Lester meets and is saved by Hank (James Marsden), who helps him escape when the lair is attacked and destroyed by Captain Superior (Nathan Fillion) and his crew. Back on villain island, Lester is introduced to Hank’s motley crew of friends: mechanic Jane (Jane Krakowski), chef Stew (Craig Robinson) and absent-minded old janitor Jackalope (Bobcat Goldthwait) before he and Hank are put to work cleaning the Museum of Villains. While Hank attempts to impress curator Jolene (Rosario Dawson), Lester inadvertently winds up wearing an impenetrable suit of armor with a dizzying array of powers, destroying the museum and becoming a fugitive in the process. One might incorrectly assume that the plot would consist of Hank helping Lester to clear his name, but this plot point is almost immediately forgotten when the villainous Baron Blackout returns from a decade-long exile with a plot to turn everyone into black zombie ghouls. Only Lester, Hank and their ragtag band of henchmen can save the day.

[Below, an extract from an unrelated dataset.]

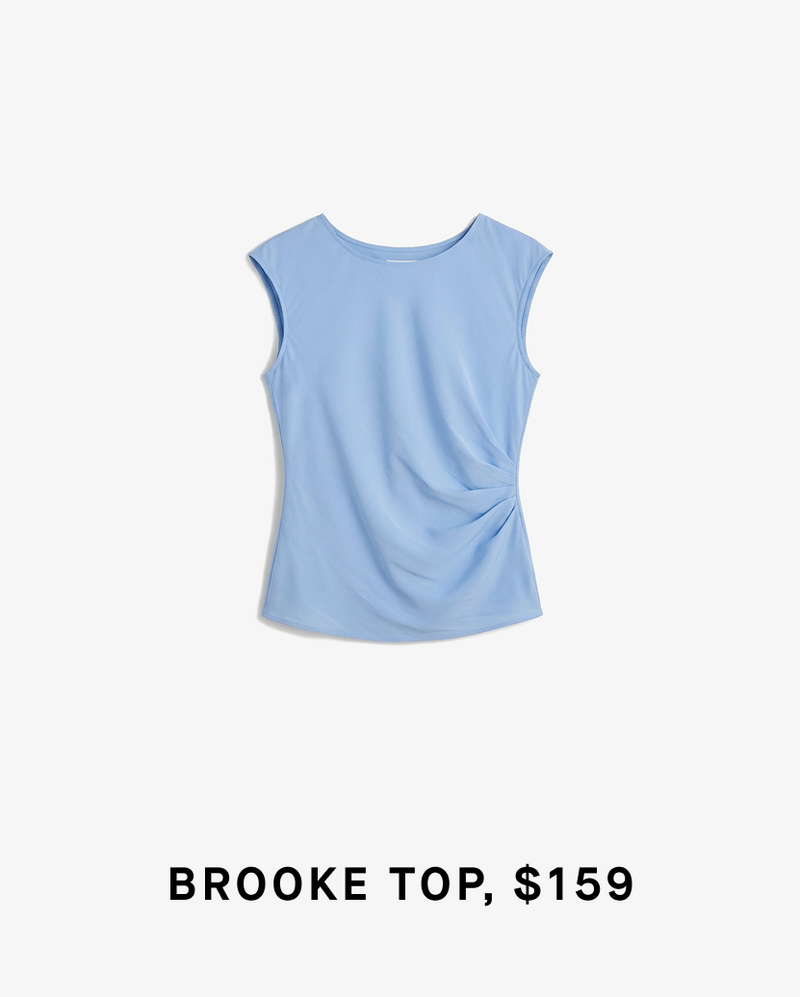 Light blue sleeveless top on a white background with text 'BROOKE TOP, $159'.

Henchmen suffers from two significant problems: 1) visually it looks awful and, more significantly 2) it doesn’t have anything to say about the superhero genre. The animation style looks exceedingly cheap and antiquated, with flat backgrounds and a brown/grey colour palette, which renders it unappealing to watch.
As for the second issue, it’s significant because this genre has been unpacked before and better: nothing can top the deconstruction of the superhero mythos done in The Incredibles films and the villain with a heart of gold has already been explored in the Despicable Me films. Henchmen has nothing to add to the discuss beyond the rote observation that superheroes are shallow and vain, and that supervillains are daft idiots.
This leaves the titular characters, simple grunts working behind the scenes of these epic battles (a familiar, albeit fruitful concept with plenty of potential), but here they’re not even invested in their work. In Henchmen, they’re simply labour for hire. Hank and Lester could be working any blue collar job and undergo the same character arcs (orphan finds his sense of identity in a family of his own making; disgraced, emotionally guarded loner learns to let others in by helping a young charge).
Alas neither character arc is particularly new or exciting and, combined with the unappealing animation and moon sized plot holes, Henchmen doesn’t have a great deal to offer. There’s an interesting story to be told about the men and women working behind the scenes in the superhero genre, but this isn’t that film.